The headteacher of the primary school facing protests against LGBT relationships lessons has said teachers “have never taught sex here”.
Anderton Park Primary School in Birmingham has been at the centre of nine weeks’ of protests by parents angry at the teaching of LGBT relationships.
Protesters have accused Sarah Hewitt-Clarkson’s school of “sexualising” the pupils and using the children “as pawns” by teaching LGBT equality which over-emphasises a "gay ethos".
However, Ms Hewitt-Clarkson told Schools Week: “We have never taught sex here. Some primary schools do, but we don’t, and we never will.”
More protests are expected on Friday despite the council securing an injunction banning the demonstrations from taking place within an exclusion zone around the school.
Demonstrators have described seeking an injunction as "unjust" and "irresponsible".
Watch: Demonstrators continuing protests over a primary school teaching about LGBT relationships
Shaida Rashid, a parent protesting against the LGBT materials, said that the school has attempted to “silence the parents’ voices”.
Speaking at Friday’s demonstration, she said: “As mothers we spend sleepless nights while raising our children. Now, additional restless nights have been inflicted on us with us worrying about their innocence being taken away.
“This is not only an attempt to silence parents but to take away our legal parental rights.”
She added: “The school has ignored the rights of the parents by not consulting with them.”

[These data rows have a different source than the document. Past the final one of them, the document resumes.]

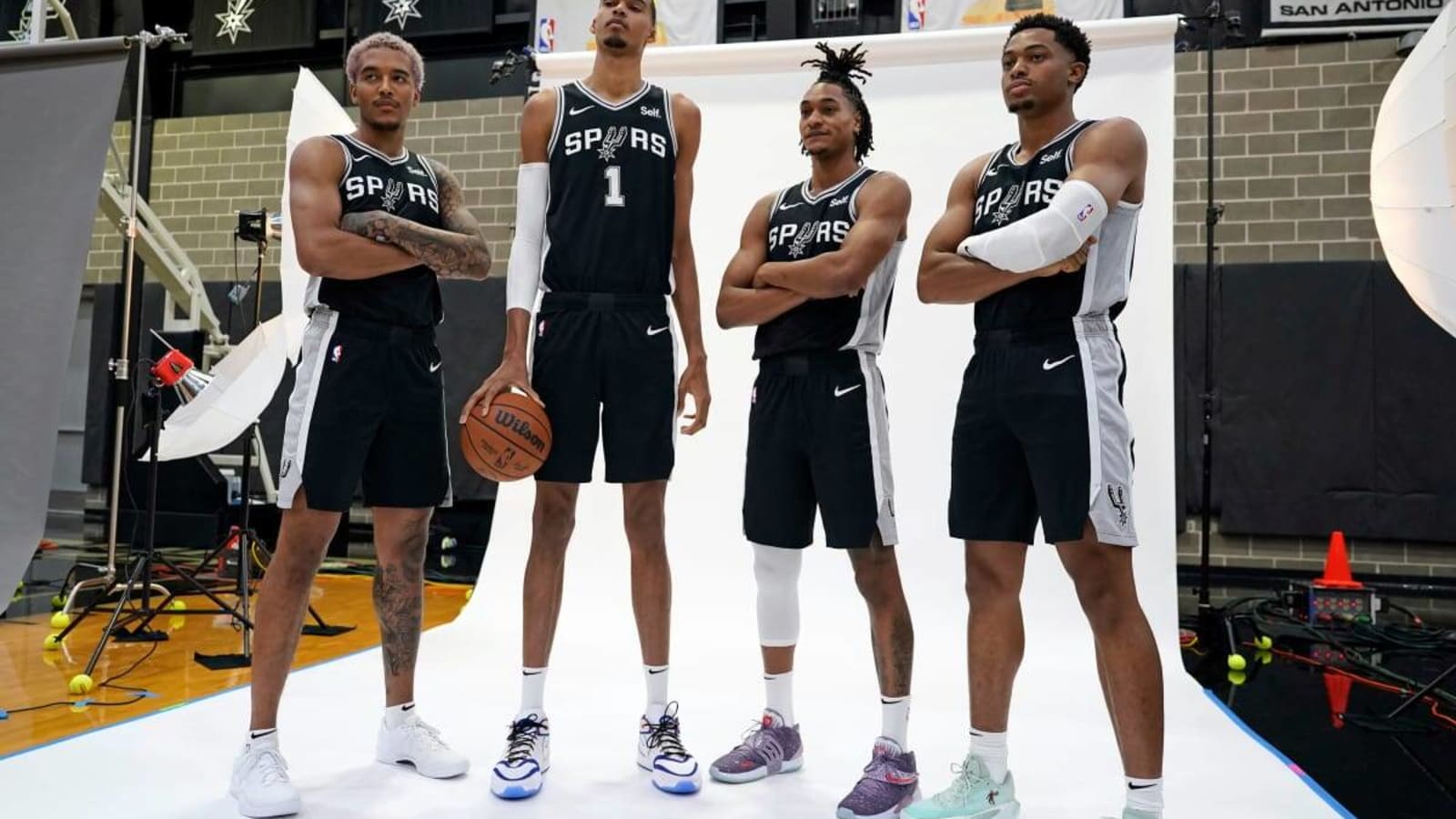 Spurs Media Day Starting Lineup Revealed? Yardbarker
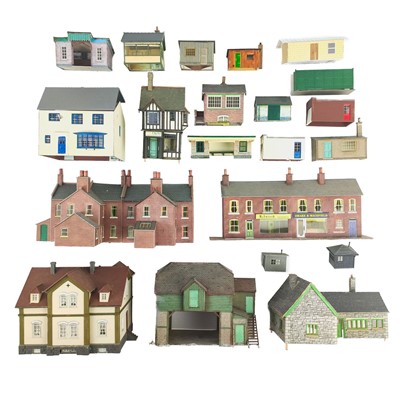 Lot 672 - Model Railway Accessories 00 Gauge including scenery, buildings, trees and model kits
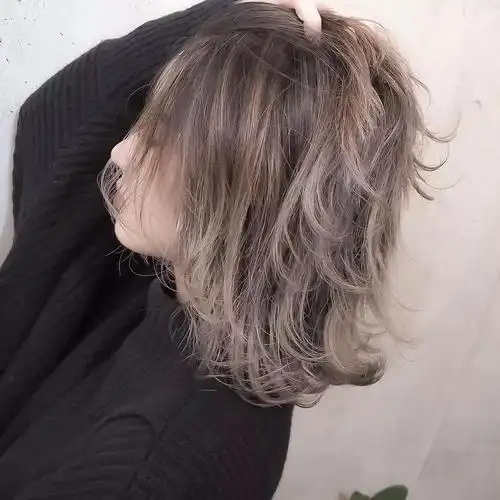 2020年会流行的5款韩式中长发,你准备好了吗?_发型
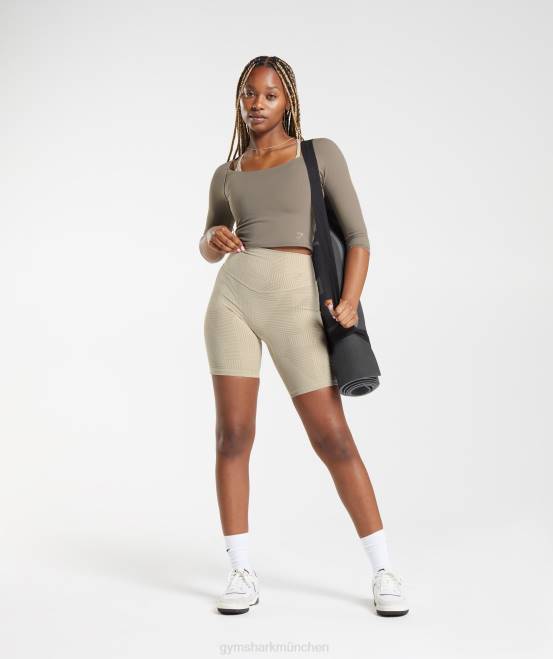 braun gebürstet Kleidung Gymshark Frauen Erhöhtes Crop-Top mit 3/4-Ärmeln 04P8435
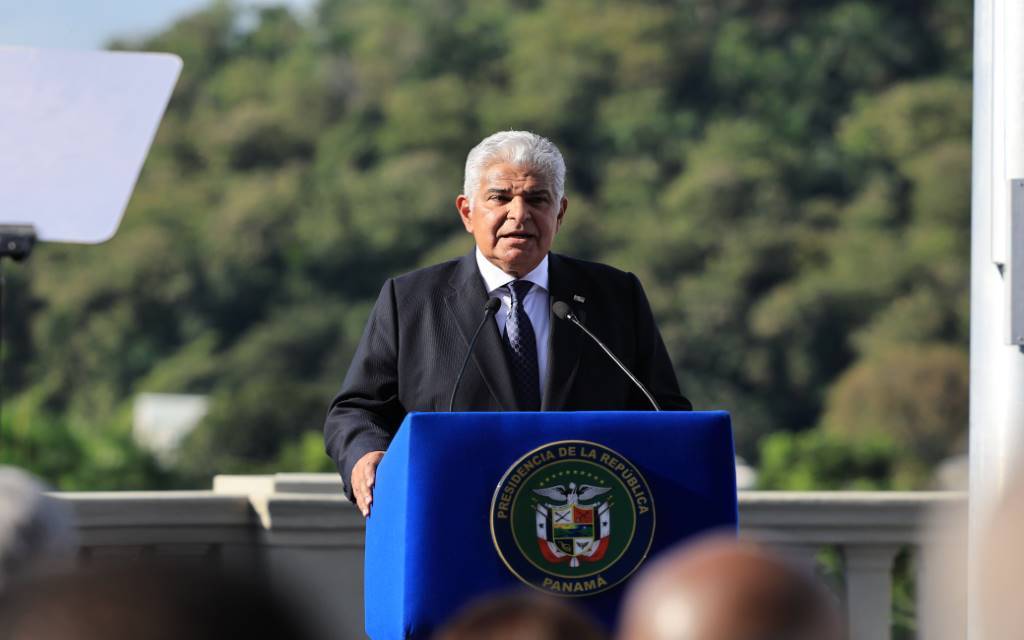 El canal seguirá en manos panameñas, asegura Presidente (+Fotos) El canal seguirá en manos panameñas, asegura Presidente (+Fotos)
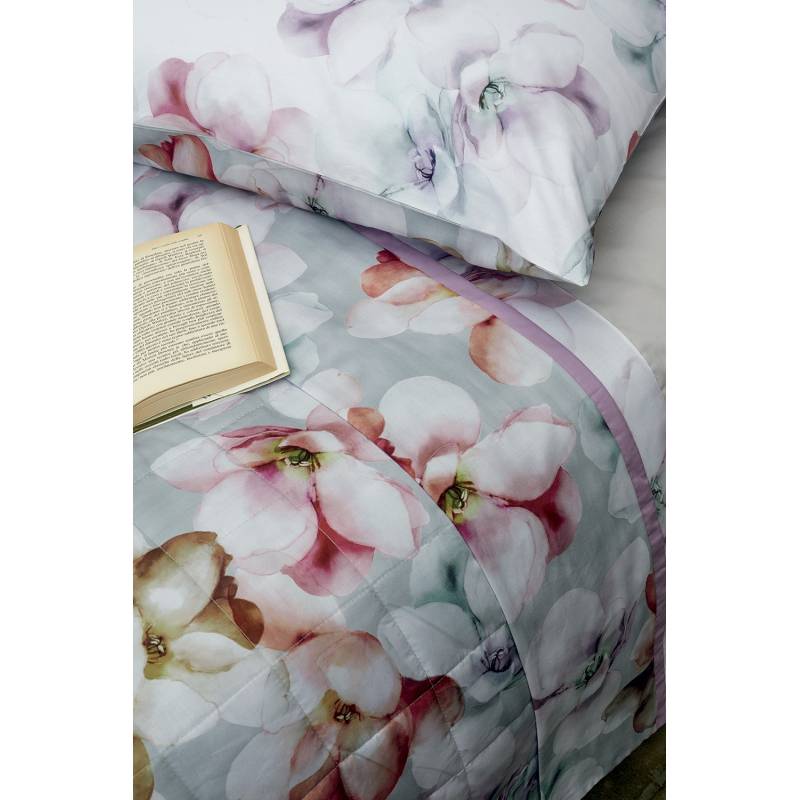 Completo lenzuola matrimoniale Fazzini Monet in percalle di puro cotone. Fantasia floreale con federe double face, un lato con fiori su fondo bianco e l'altro fiori su fondo grigio grigio.
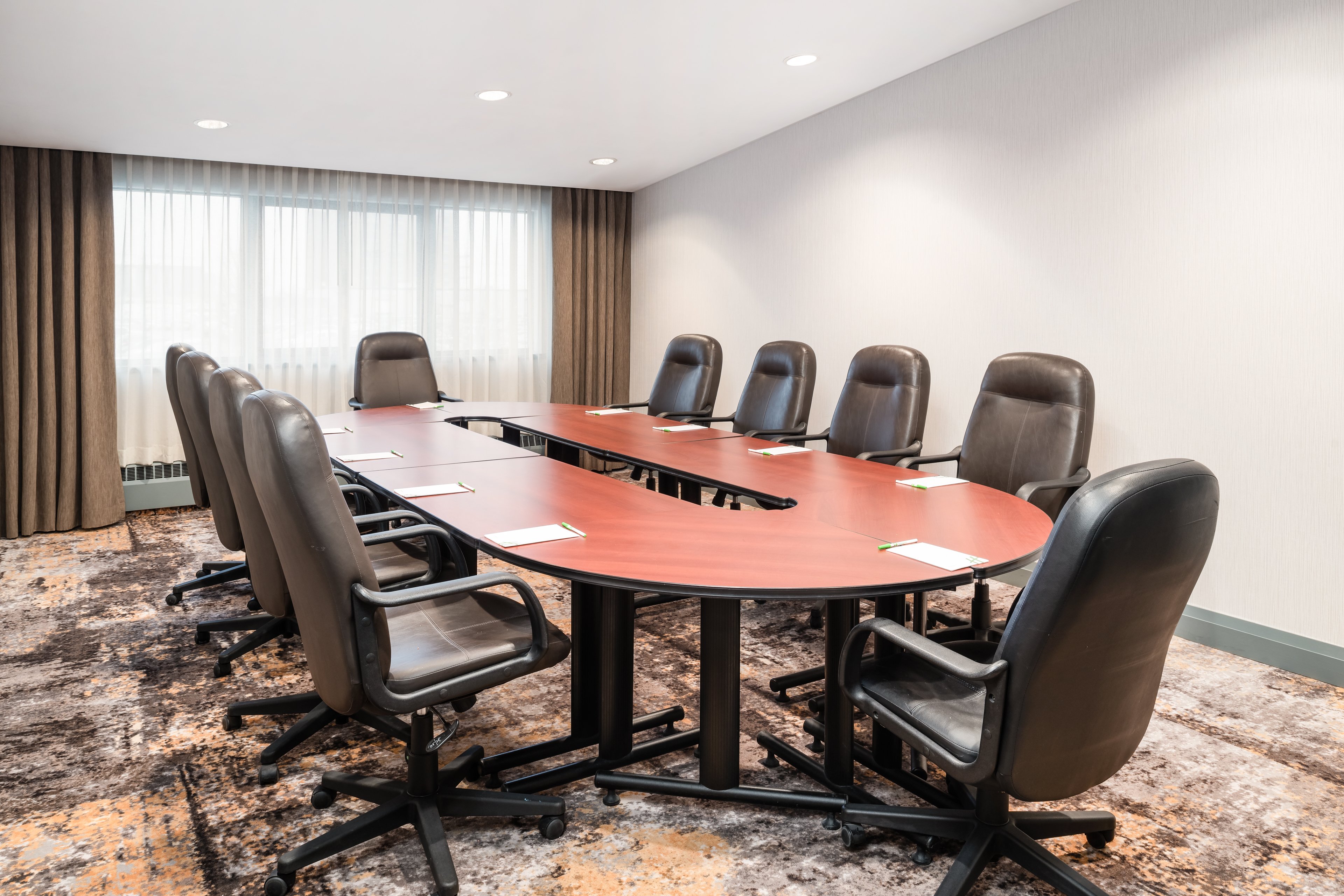 Holiday Inn Toronto Airport East 55/61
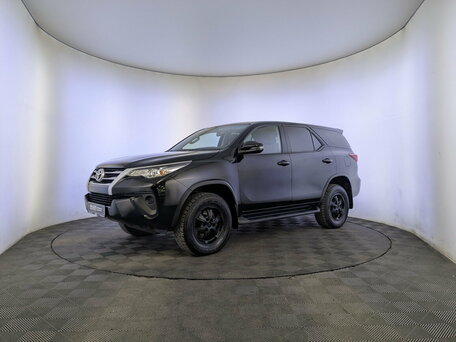 Toyota Fortuner II
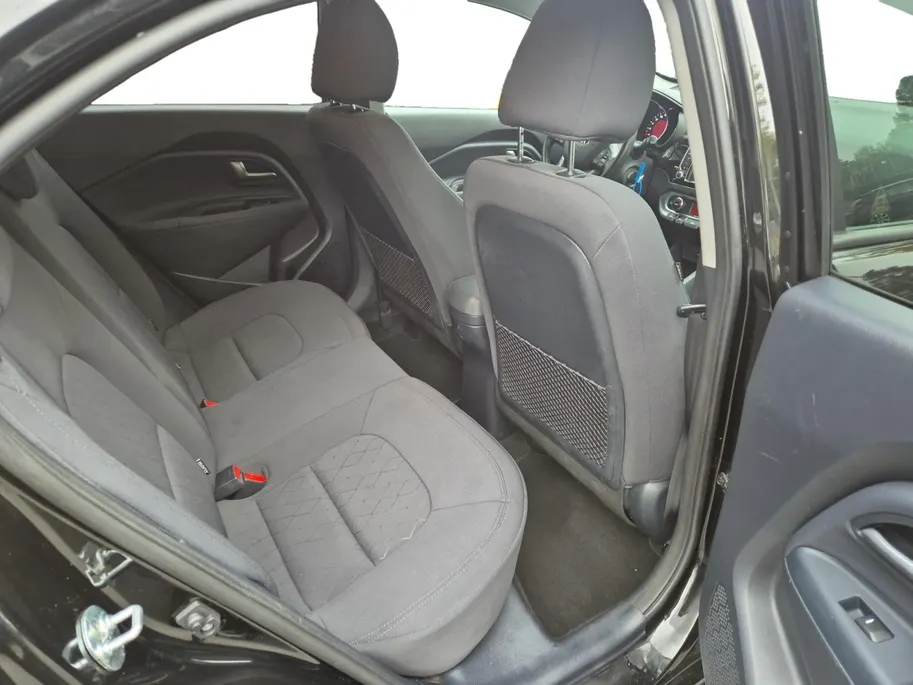 Kia Rio 1.2 CVVT ExecutiveLine | Airco | Navi | Camera | Schuifdak | LM Velgen | Stoelverwarming | Stuurverwarming | Trekhaak |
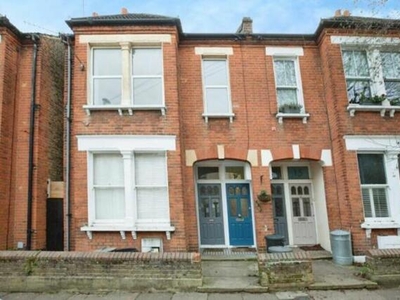 2 Bedroom Maisonette For Rent In London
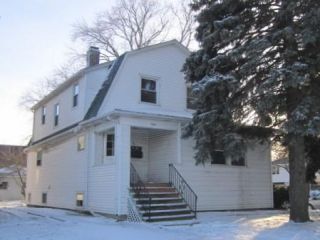Foreclosed Home - 9519 Schiller Blvd, 60131
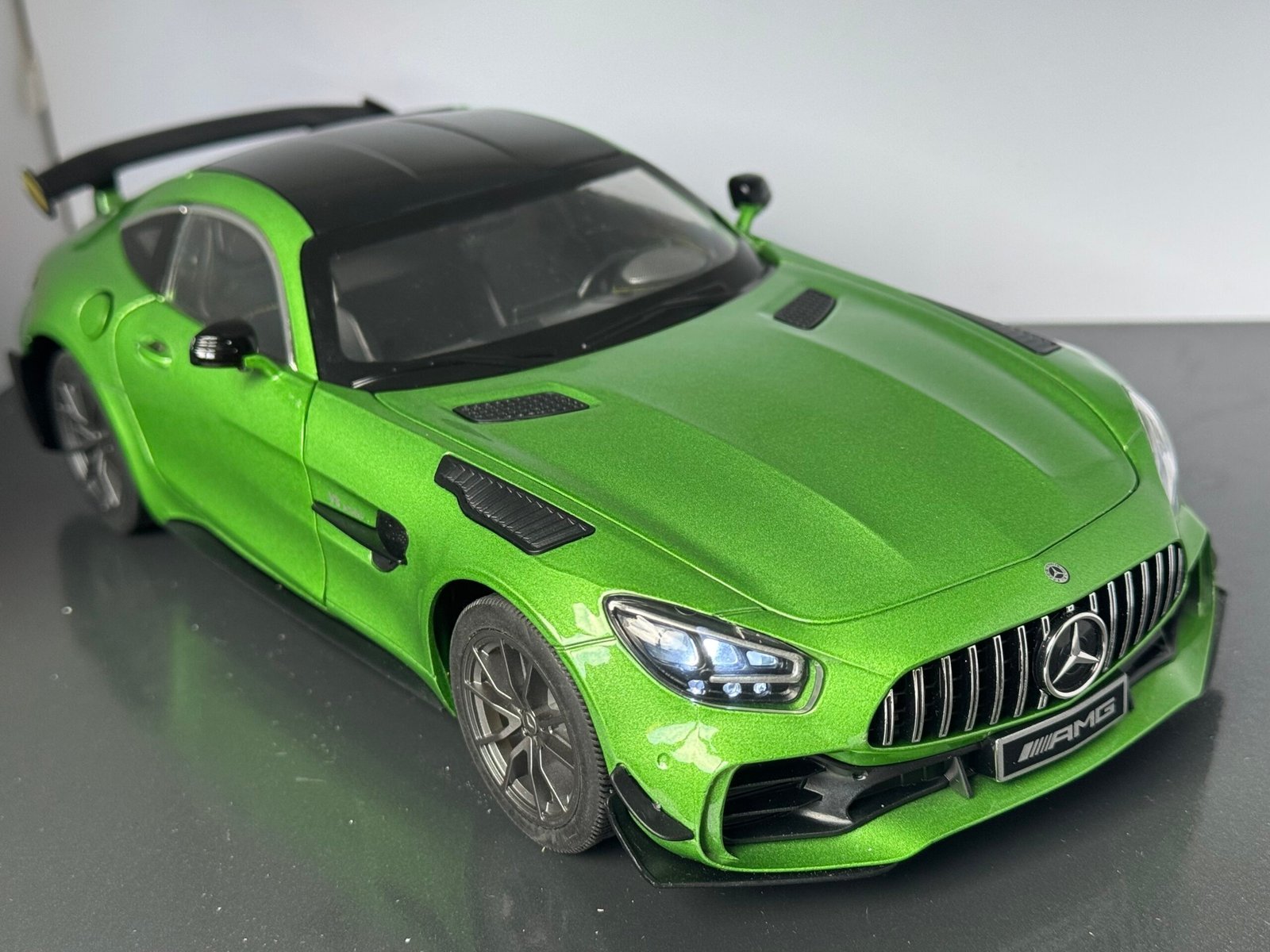 Mercedes Benz AMG GTR 1:18 Scale Diecast Collectible Model - Image 11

Protests have been sparked over some parents' concerns about elements of the teaching materials, including two books: one about two male penguins who raise an egg, and another about a boy who wears a dress.
Ms Hewitt-Clarkson suggested that the school only talks about homosexuality a "0.5 per cent of the time".
"When you read all these news reports or listen to these protesters, you’d think we talk about being gay the whole time," she said.
“It’s probably 0.5 per cent of the time, but because it’s here there and everywhere, it’s just normal.
“It’s not a lesson. It’s not a special week. It’s tiny, but it’s the most valuable thing we can talk about.”
This comes after West Midlands Police, whose chief constable had called for an end to the mega-phone led demonstrations outside the school gates, said it was investigating malicious messages sent to the head.
A new High Court hearing has already been scheduled to hear from anyone objecting to the injunction, on June 10.